Dai viaggi all’arte contemporanea: il percorso di Riccardo Freddo

Una passione che ti accompagna da sempre quella dell’arte, insomma.
«In realtà da piccolo non sapevo bene quello che volevo fare, ma sono sempre cresciuto circondato dall’arte. Mio zio è un architetto famoso romano e i miei hanno sempre avuto la passione dell’arte. Ho sempre avuto intorno opere e sculture, ho sempre avuto interesse. Poi ce l’abbiamo anche un po’ nel sangue, perché Renato Mancia fa parte della mia famiglia. Ha scritto il primo libro per il restauro delle opere antiche ed è stato anche colui che ha fondato l’Istituto del restauro di Roma e di Milano».

Poi hai scelto di concentrare i tuoi studi su questa passione.
«Sì, ed è stato importantissimo per capire un po’ come funzionava quel mondo, l’economia, la finanza. Il mio obiettivo è quello di avere una vita interessante, perché sono una persona molto curiosa. Mi piace circondarmi di persone che siano come me e il mondo dell’arte ovviamente è pieno di questi personaggi. Critici, collezionisti, artisti sono tutte persone interessanti che ti rendono la vita interessante».

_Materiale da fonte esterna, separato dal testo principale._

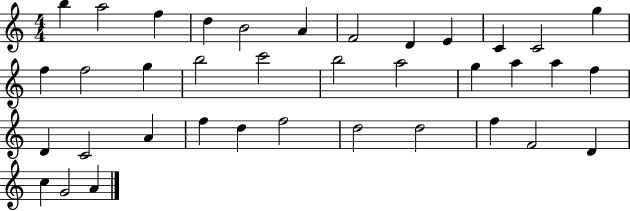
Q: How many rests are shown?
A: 0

L’obiettivo: portare artisti internazionali nei borghi italiani

Ora sei tu che fai conoscere artisti a noi. Come nasce questo progetto?
«È importantissimo. L’idea è quella di portare artisti internazionali appunto in Italia, perché secondo me l’Italia è veramente la cornice più bella per quanto riguarda l’arte contemporanea. Piccoli borghi, musei pazzeschi… Sono stato fortunato perché quest’anno ho avuto la possibilità di collaborare con varie istituzioni, abbiamo organizzato più di 10 show museali, tra cui il prossimo che sarà quello al Marv con Keita Miyazaki, un artista giapponese. La sua arte riguarda la filosofia wabi-sabi, questa idea di bellezza non perfetta. Vorrei che i giovani abbiano l’opportunità di conoscere artisti contemporanei in un ambiente un po’ più dinamico».

Herbert Gosler

Immagino che Londra in questo sia un grande esempio.
«Vivendo lì, mi rendo conto che c’è un opening ogni giovedì, ci sono gallerie, tanti musei, mentre in Italia non c’è ancora questa grande opportunità. Se c’è, non mostrano ciò che hanno al di fuori. Il mio obiettivo è quello di portare moltissimi artisti interessanti proprio in Italia. Loro sono molto appassionati, chiunque arriva qui è interessato, affascinato dall’Italia e dal contesto italiano. Un artista contemporaneo internazionale che riesce a mostrare le proprie opere nel contesto italiano è un arricchimento sia per l’artista che per la cultura italiana e per i nostri viewer».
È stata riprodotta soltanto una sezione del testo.